Work to complete:
Give back an exact copy of the lines in the records below, from the line that has "Welt der zahl" through the line that has "подушка безопасности боковая", and nothing besides.

Provided data:

[Start of Attachment]

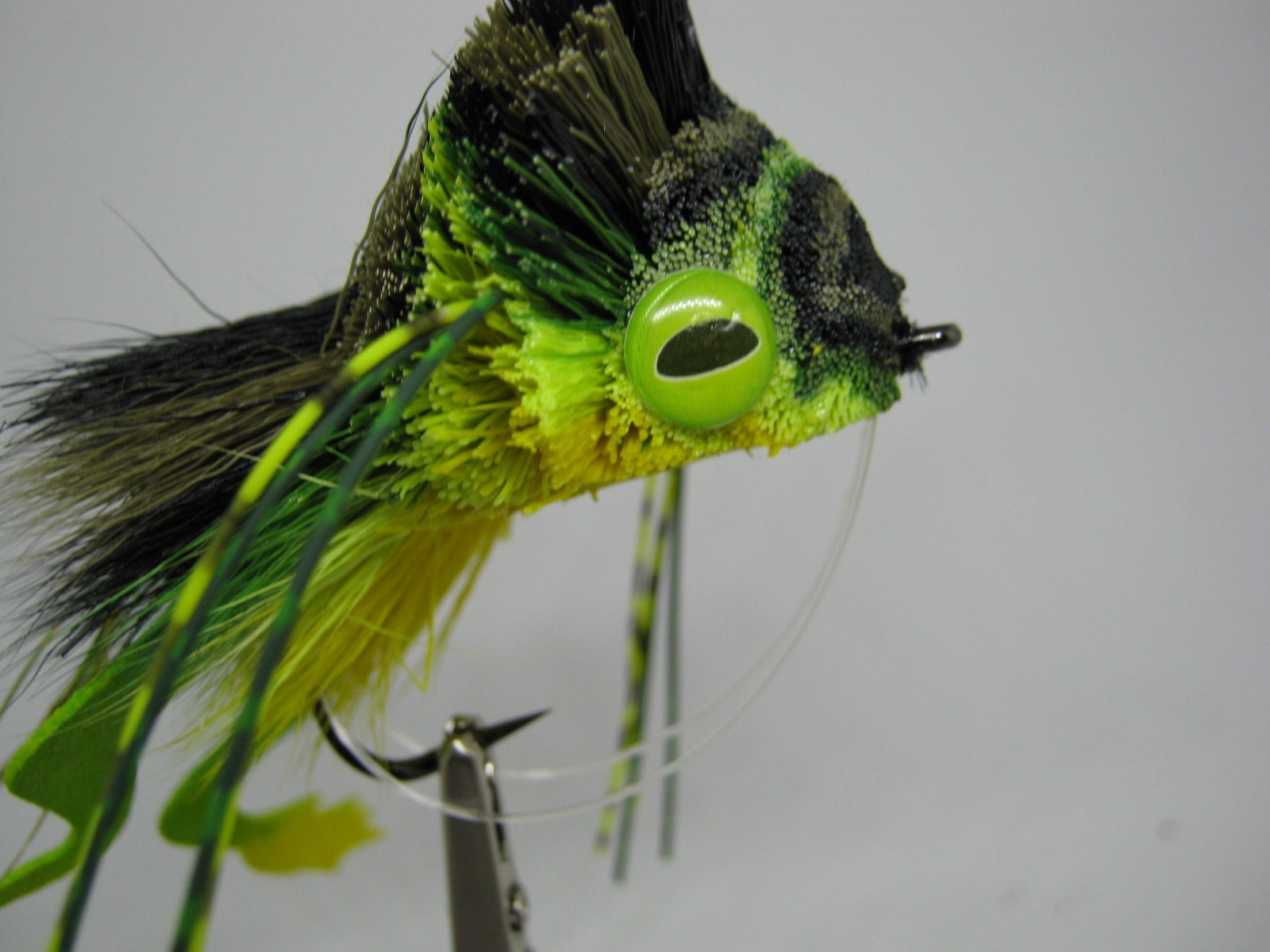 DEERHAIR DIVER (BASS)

[End of Attachment]
[Start of Attachment]

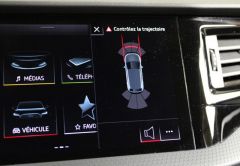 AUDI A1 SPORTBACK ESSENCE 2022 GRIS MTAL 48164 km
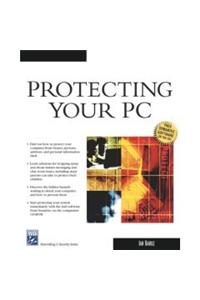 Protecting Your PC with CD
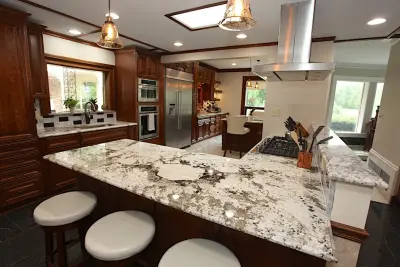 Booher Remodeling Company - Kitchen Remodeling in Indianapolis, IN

[End of Attachment]
[Start of Attachment]

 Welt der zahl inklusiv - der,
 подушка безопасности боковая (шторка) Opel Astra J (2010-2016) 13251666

[End of Attachment]

Exercise output:
 Welt der zahl inklusiv - der,
 подушка безопасности боковая (шторка) Opel Astra J (2010-2016) 13251666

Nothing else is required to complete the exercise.